Not surprisingly, OCR access enforcement activity slowed considerably with the onset of the COVID-19 public health emergency. However, the interlude—if that’s what it was—is apparently over. During the month of September, the OCR announced no fewer than five new settlements under the Right of Access Initiative, with settlement amounts ranging from $3,500 to $70,000. In each case, the provider also had to implement a corrective action plan and submit to one to two years of close OCR monitoring.

Then, on Oct. 9, the OCR unveiled its biggest Right of Access Initiative settlement yet, a $160,000 agreement with Phoenix-based St. Joseph’s Hospital and Medical Center (SJHMC). The case began when a mother complained to OCR about SJHMC’s repeated refusals to provide her access to the PHI of her son despite her legal status as his personal representative. Only after OCR intervened did SJHMC provide all the requested PHI, more than 22 months after her initial request.

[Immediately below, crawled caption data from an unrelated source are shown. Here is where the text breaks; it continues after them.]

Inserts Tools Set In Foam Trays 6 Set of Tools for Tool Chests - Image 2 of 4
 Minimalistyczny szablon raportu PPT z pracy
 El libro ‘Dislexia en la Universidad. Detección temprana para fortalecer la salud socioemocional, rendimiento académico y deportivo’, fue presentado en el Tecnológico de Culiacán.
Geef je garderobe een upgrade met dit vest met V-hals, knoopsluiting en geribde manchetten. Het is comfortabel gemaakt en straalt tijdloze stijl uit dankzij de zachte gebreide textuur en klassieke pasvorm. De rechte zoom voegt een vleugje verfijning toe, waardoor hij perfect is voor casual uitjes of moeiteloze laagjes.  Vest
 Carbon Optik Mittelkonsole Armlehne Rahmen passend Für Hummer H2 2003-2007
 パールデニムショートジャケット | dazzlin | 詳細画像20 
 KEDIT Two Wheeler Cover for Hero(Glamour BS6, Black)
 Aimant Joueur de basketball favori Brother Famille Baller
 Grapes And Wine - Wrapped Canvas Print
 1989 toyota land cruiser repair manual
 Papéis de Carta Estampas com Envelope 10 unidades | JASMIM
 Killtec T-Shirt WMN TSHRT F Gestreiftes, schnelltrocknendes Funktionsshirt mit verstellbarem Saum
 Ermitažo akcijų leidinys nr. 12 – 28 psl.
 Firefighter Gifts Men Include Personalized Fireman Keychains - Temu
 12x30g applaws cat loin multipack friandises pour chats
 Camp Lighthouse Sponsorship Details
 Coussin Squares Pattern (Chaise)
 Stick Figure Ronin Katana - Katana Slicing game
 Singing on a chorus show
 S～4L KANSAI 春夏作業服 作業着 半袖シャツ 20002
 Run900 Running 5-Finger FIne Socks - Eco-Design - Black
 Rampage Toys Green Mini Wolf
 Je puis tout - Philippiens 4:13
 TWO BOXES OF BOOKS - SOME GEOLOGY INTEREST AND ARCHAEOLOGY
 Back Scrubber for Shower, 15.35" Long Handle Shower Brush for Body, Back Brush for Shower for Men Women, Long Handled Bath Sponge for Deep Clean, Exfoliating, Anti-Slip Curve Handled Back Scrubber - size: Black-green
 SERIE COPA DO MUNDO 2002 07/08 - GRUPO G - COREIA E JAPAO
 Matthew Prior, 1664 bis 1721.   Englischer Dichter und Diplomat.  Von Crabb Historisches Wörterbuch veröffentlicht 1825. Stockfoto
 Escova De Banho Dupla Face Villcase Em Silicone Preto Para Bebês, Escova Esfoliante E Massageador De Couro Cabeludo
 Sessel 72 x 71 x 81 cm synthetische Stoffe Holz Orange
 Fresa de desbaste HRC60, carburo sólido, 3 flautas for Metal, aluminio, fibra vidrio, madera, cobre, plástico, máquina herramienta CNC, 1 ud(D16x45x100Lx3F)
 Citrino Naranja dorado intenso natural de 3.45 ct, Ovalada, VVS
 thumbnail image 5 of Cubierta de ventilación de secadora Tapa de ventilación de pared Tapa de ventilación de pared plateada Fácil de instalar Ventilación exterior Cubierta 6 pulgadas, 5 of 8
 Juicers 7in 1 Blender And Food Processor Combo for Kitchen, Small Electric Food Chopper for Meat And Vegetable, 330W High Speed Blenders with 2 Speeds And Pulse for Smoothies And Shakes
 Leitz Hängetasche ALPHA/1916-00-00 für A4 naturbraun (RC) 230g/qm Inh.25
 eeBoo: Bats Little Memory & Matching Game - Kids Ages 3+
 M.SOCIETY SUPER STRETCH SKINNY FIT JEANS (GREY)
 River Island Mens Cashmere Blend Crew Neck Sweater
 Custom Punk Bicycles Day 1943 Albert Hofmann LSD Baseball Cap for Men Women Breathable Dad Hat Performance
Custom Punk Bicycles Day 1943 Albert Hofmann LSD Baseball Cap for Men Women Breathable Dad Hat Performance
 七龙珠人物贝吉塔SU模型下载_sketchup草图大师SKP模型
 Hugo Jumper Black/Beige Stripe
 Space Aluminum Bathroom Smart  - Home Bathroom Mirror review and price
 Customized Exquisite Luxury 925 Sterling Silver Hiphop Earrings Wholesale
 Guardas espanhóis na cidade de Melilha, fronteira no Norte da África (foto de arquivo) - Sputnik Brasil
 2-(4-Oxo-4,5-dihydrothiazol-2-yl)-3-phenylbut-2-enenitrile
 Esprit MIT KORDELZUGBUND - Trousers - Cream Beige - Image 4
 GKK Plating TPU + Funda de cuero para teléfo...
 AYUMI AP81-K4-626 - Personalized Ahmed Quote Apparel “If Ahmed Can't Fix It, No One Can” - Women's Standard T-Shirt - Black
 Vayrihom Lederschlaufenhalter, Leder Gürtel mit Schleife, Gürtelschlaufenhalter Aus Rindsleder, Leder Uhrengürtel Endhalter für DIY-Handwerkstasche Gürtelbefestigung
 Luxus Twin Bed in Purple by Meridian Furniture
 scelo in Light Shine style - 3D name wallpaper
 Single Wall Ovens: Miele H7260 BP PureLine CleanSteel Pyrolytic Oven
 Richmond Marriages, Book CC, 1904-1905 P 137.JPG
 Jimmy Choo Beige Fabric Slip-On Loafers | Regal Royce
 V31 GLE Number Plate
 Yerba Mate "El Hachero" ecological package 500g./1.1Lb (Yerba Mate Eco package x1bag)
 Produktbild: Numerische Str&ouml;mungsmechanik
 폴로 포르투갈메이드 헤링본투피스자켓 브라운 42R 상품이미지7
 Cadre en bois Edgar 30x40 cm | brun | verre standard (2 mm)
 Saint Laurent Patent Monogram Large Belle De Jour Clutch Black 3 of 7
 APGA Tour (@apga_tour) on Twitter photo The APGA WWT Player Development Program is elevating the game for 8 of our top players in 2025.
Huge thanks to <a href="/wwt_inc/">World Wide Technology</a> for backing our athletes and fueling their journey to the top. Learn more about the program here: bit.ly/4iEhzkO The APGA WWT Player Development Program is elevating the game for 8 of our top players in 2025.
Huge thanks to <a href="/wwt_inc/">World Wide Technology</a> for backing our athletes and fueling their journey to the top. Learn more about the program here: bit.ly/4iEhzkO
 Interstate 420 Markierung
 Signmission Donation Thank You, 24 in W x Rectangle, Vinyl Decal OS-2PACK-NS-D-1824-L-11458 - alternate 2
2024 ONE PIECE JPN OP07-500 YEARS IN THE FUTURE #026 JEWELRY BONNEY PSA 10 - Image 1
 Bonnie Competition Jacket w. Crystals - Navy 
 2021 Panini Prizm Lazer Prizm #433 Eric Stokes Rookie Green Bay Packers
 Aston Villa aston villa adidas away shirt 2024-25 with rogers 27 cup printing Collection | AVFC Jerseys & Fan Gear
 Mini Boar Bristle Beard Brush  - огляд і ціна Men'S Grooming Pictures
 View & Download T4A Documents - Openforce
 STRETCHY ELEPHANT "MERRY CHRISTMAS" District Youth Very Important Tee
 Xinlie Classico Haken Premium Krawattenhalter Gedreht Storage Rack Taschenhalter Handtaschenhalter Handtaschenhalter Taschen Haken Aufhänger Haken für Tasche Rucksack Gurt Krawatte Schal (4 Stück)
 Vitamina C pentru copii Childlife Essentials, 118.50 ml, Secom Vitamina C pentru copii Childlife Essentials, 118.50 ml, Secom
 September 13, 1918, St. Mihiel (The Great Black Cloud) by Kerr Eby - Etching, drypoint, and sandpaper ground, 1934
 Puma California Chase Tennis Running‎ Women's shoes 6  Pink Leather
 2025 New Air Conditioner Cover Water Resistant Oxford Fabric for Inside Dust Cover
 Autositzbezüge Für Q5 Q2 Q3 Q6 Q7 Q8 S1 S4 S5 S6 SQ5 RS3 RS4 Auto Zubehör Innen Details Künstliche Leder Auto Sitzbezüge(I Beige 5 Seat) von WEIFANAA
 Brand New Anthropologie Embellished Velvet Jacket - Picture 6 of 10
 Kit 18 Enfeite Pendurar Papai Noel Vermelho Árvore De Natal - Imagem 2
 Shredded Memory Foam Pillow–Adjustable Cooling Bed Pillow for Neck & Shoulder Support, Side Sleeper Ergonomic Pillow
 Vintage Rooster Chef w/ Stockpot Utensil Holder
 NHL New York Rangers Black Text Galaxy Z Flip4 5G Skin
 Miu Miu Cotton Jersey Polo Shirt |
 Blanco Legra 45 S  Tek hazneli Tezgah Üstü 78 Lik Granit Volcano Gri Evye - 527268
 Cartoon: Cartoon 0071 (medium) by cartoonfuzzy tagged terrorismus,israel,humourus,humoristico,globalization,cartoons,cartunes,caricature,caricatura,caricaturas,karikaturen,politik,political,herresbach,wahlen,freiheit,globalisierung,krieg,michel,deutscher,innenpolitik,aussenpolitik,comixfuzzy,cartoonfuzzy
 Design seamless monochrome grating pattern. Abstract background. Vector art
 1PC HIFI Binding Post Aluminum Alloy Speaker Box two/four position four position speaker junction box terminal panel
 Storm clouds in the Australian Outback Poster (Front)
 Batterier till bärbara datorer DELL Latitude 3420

In addition to the hefty settlement price, SJHMC had to agree to implement a corrective action plan and undergo OCR monitoring for two years.

OCR Right of Access Initiative Settlements Scorecard

Provider Settlement Amount* Allegations
St. Joseph’s Hospital and Medical Center $160,000 Phoenix hospital refused to provide PHI to patient’s mother even though she was his legal representative
NY Spine Medicine $100,000 Neurology practice refuses patient’s multiple requests for copies of specific diagnostic films
Bayfront Hospital $85,000 Florida hospital didn’t provide expectant mother timely access to the PHI of her unborn child
Korunda Medical $85,000 After first refusing to provide it at all, Florida primary care and interventional pain management services provider sent patient’s PHI to third party in the wrong format and charged him excessive fees
Beth Israel Lahey Health Behavioral Services $70,000 Massachusetts provider ignored request of personal representative seeking access to her father’s PHI
Housing Works Inc. $38,000 New York City non-profit services provider refused patient’s request for a copy of his medical records
All Inclusive Medical Services, Inc. $15,000 California multi-specialty family medicine clinic refused patient’s requests to inspect and receive a copy of her records
Wise Psychiatry, PC $10,000 Colorado psychiatric firm refused to provide personal representative access to his minor son’s medical record
King MD $3,500 Virginia psychiatric practice didn’t provide patient access to her medical records even after OCR intervened, provided technical assistance and closed the complaint
*In addition to the monetary settlement, each accused provider had to agree to implement a corrective action plan and allow the OCR to conduct close monitoring for one to two years

How OCR Determines Settlement Amounts

As with other HIPAA violations, the OCR considers a variety of factors in determining the amount of a settlement for a failure to comply with PHI access rules, including:

  • The nature and extent of the potential violation;
  • The nature and extent of the harm resulting from the potential violation;
  • The provider’s history of compliance with the HIPAA Rules, or lack therof;
  • The provider’s financial condition, including its size and the impact of the COVID-19 public health emergency; and
  • “Other matters as justice may require.”

Takeaway

The OCR Right of Access Initiative has become a significant compliance factor and an incentive for ensuring that labs respond to PHI access request within the required 30 days. Delaying action on the request beyond the deadline raises the risk of complaints to the OCR, followed by investigations and potentially costly settlements. Labs incur the same risks if they send requested PHI in the wrong format or charge excessive fees for processing PHI access requests. “For too long, healthcare providers have slow-walked their duty to provide patients their medical records out of a sleepy bureaucratic inertia,” declared OCR Director Roger Severino. “We hope our shift to the imposition of corrective actions and settlements under our Right of Access Initiative will finally wake up healthcare providers to their obligations under the law.”